**COLLECTED DATA:**
==============================

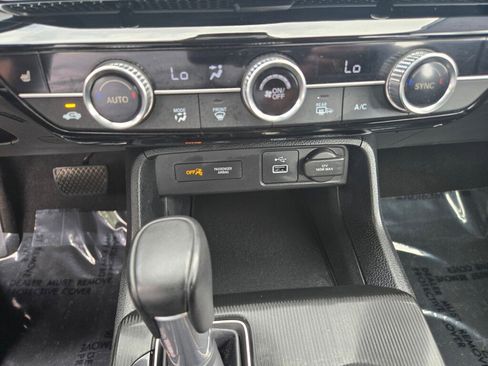 Certified 2024 Honda Civic EX-L image 18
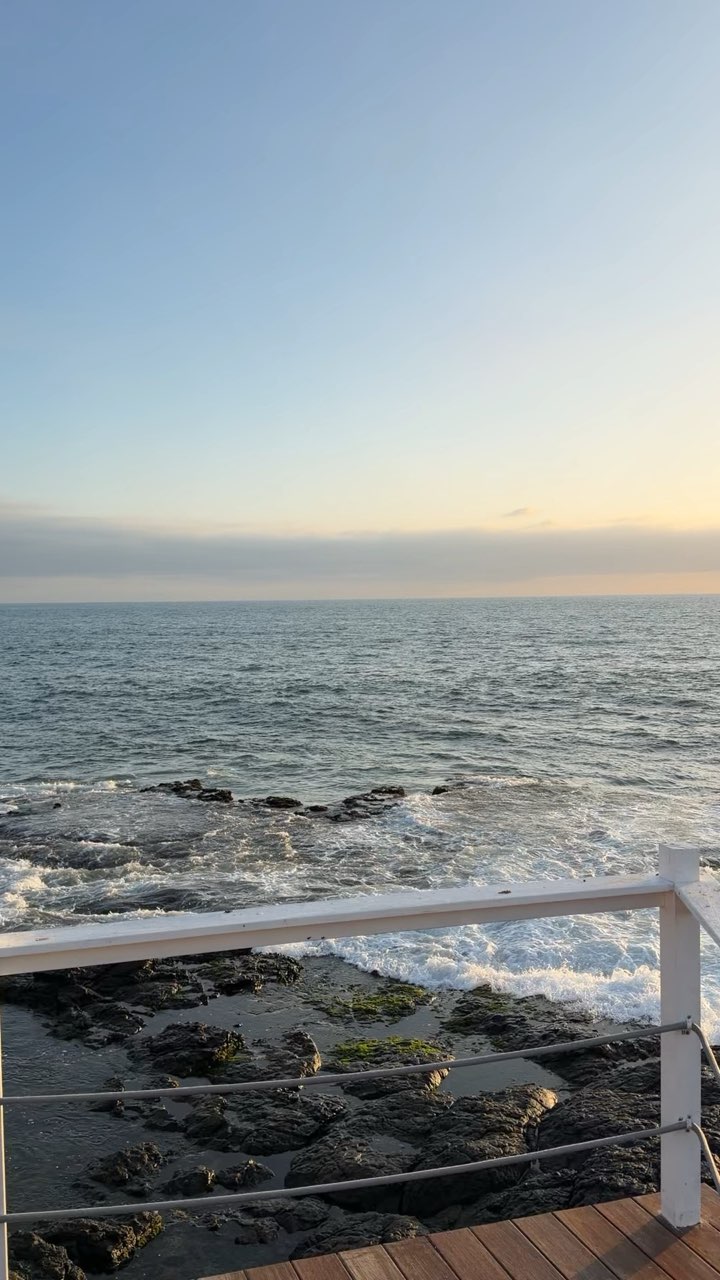 El sol de la tarde sobre el Pacífico, desde la terraza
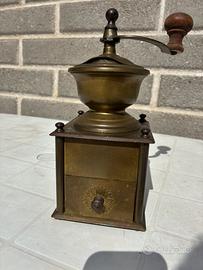 Macinino vintage completamente di ottone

==============================

**WHAT YOU NEED TO DO:** Reproduce each line above exactly, but not a single picture.

**TASK RESULT:**
 Certified 2024 Honda Civic EX-L image 18
 El sol de la tarde sobre el Pacífico, desde la terraza
 Macinino vintage completamente di ottone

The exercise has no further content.